Exercise directions:
Once you have found the line with "Conjunto de iconos" in the records below, retype it and every line after it to the end exactly, with no pictures and nothing more.

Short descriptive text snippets
......

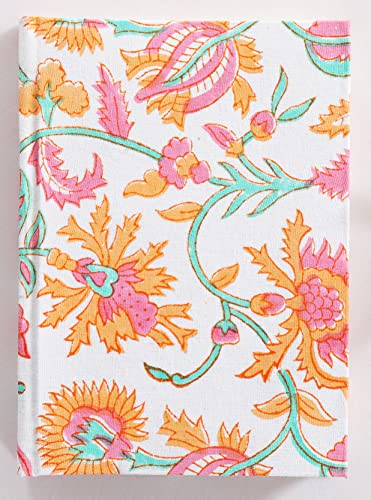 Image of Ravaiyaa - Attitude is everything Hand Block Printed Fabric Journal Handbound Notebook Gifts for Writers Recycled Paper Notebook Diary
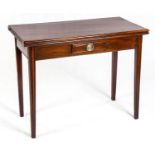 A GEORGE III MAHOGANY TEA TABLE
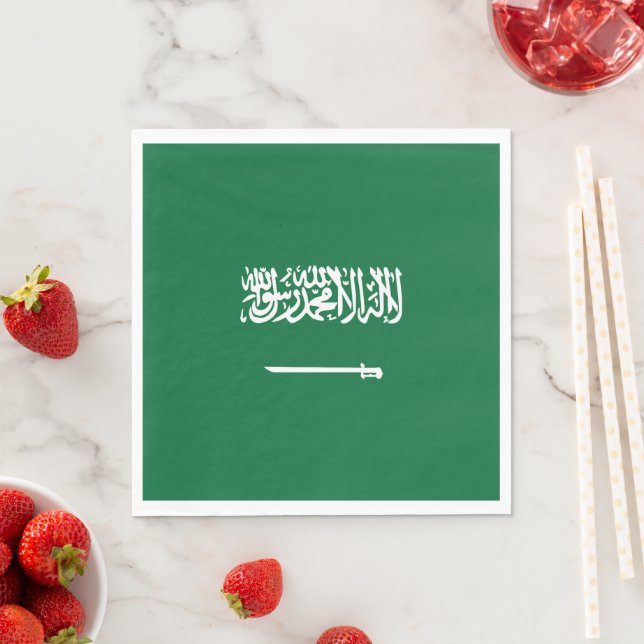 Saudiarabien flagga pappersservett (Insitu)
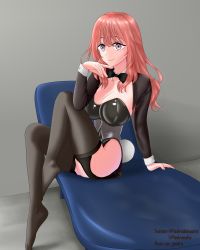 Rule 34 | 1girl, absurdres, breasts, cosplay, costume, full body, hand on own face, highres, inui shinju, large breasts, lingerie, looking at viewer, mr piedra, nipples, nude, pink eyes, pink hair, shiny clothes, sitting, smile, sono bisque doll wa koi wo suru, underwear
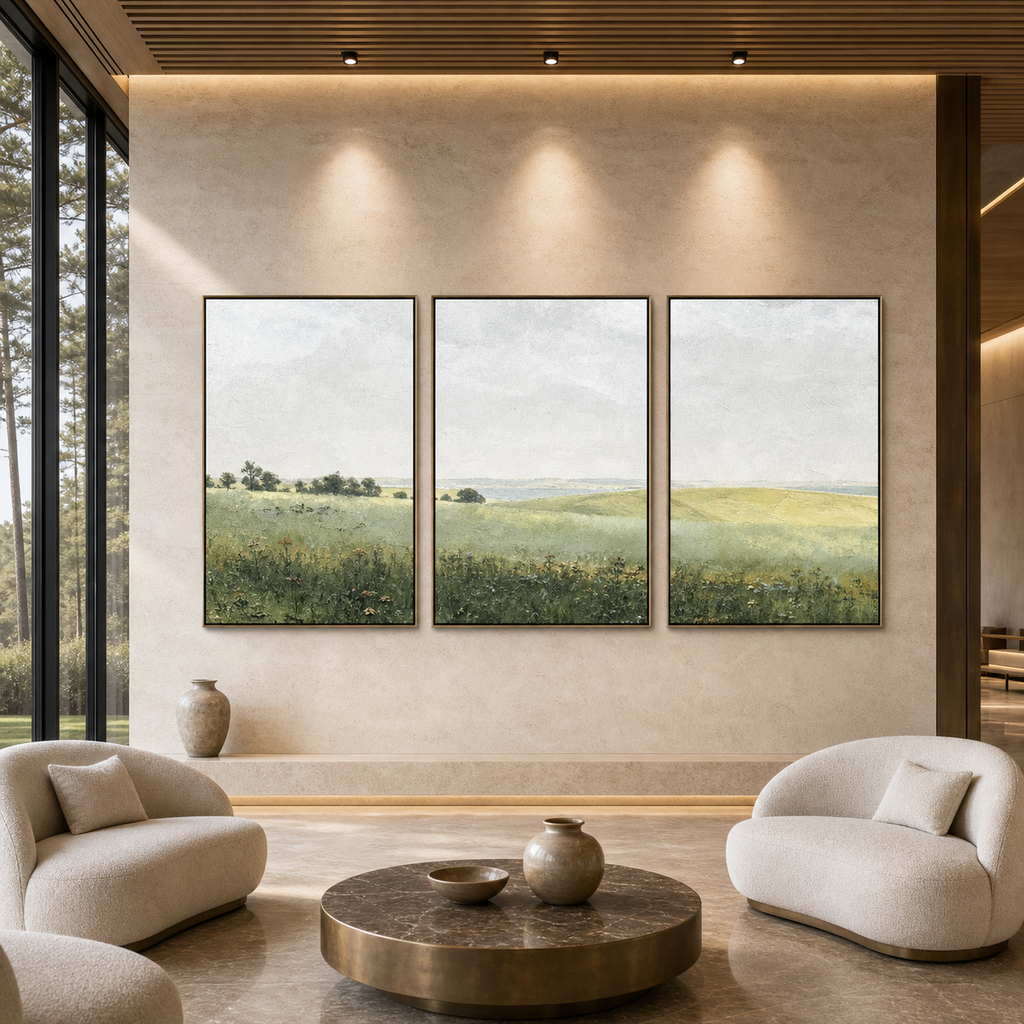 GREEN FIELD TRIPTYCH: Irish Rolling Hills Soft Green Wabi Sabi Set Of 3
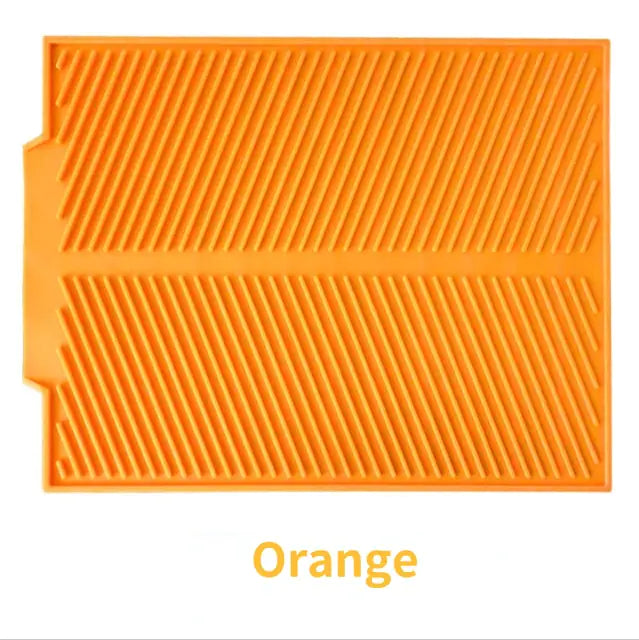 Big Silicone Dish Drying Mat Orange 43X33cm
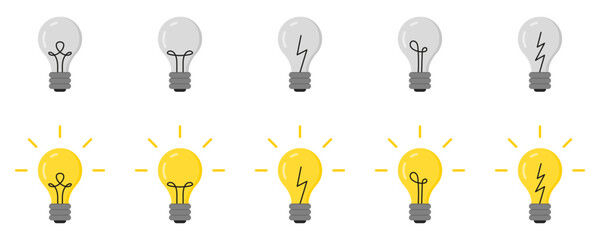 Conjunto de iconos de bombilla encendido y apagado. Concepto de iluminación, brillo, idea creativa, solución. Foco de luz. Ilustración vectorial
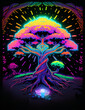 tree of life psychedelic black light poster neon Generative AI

......

Output for this exercise:
 Conjunto de iconos de bombilla encendido y apagado. Concepto de iluminación, brillo, idea creativa, solución. Foco de luz. Ilustración vectorial
 tree of life psychedelic black light poster neon Generative AI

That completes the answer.